Après le coup de force du général Abdel Fattah al-Burhan au Soudan, le 25 octobre 2021, le peuple opte pour la résistance à l’imposture. Les syndicats et les comités de résistance populaire, qui ont chassé Omar el Béchir en avril 2019 ont, à cet effet, appelé à une grève générale sur toute l’étendue du territoire. De Khartoum, la capitale, en passant par Atbara, Port-Soudan, Dongola, El-Obeid, Kosti et à Nyala, au Sud-Darfour, le peuple se mobilise pour faire barrage au général al-Burhan.

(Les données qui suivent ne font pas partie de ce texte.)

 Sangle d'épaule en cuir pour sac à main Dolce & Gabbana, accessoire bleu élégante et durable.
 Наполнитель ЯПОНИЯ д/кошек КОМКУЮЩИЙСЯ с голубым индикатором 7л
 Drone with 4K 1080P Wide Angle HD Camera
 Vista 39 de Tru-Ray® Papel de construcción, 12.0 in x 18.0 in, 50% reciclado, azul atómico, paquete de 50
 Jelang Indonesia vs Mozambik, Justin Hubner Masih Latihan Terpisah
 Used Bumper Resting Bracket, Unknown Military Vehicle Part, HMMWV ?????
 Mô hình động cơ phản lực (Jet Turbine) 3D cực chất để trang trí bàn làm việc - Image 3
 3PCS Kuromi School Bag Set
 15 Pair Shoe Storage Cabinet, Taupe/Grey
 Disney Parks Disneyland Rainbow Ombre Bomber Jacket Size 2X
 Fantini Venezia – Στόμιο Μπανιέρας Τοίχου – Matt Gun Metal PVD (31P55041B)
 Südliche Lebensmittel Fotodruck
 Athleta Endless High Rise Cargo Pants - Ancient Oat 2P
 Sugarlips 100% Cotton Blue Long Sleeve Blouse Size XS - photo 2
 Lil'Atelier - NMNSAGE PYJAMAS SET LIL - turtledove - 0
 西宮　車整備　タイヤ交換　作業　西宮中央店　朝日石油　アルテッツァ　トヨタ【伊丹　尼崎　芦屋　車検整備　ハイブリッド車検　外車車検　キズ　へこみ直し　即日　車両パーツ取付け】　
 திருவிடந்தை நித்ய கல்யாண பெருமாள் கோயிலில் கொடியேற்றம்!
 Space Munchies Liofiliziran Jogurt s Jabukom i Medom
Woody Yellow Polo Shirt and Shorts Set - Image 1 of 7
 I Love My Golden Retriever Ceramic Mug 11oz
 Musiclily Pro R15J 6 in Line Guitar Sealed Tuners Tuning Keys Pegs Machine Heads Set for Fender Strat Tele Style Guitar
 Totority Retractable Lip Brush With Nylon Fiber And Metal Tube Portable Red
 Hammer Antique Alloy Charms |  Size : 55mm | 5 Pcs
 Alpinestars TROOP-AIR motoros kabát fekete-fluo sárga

En dépit des communica-tions qui sont sérieusement dégradées depuis le coup d’arrêt porté à la Transition, les comités de résistance populaire ont trouvé la parade en faisant passer leurs messages de mobilisation générale à travers les mosquées. Ils ont même appelé à « une marche du million », le samedi 30 octobre prochain pour obliger le général al-Burhan à écouter la voix du peuple. Pour avoir chèrement acquis sa liberté en mettant fin au régime d’el-Béchir en 2019, le peuple soudanais n’entend plus être sous la férule d’un pouvoir militaire répressif. Par respect de la mémoire des martyrs tombés en 2019 sous les balles assassines des sbires d’Omar el-Béchir, les Soudanais sont prêts à affronter à tout prix le général Abdel Fattah al-Burhan et ses hommes. Au regard de cette détermination populaire, il est fort à parier que l’actuel homme fort du Soudan aura mille et une peines pour s’imposer. D’autant plus que du côté de l’armée, les soutiens à son initiative tardent à se faire entendre ouvertement. Au moment où le peuple soudanais a pris son destin en main pour dire non au coup d’Etat du général al-Burhan, c’est l’occasion idéale pour lui exprimer un soutien et une solidarité concrets. Les condamnations tous azimuts formulées de part et d’autre n’auront de portée réelle que si elles se muent en pressions contre l’auteur de ce putsch anachronique.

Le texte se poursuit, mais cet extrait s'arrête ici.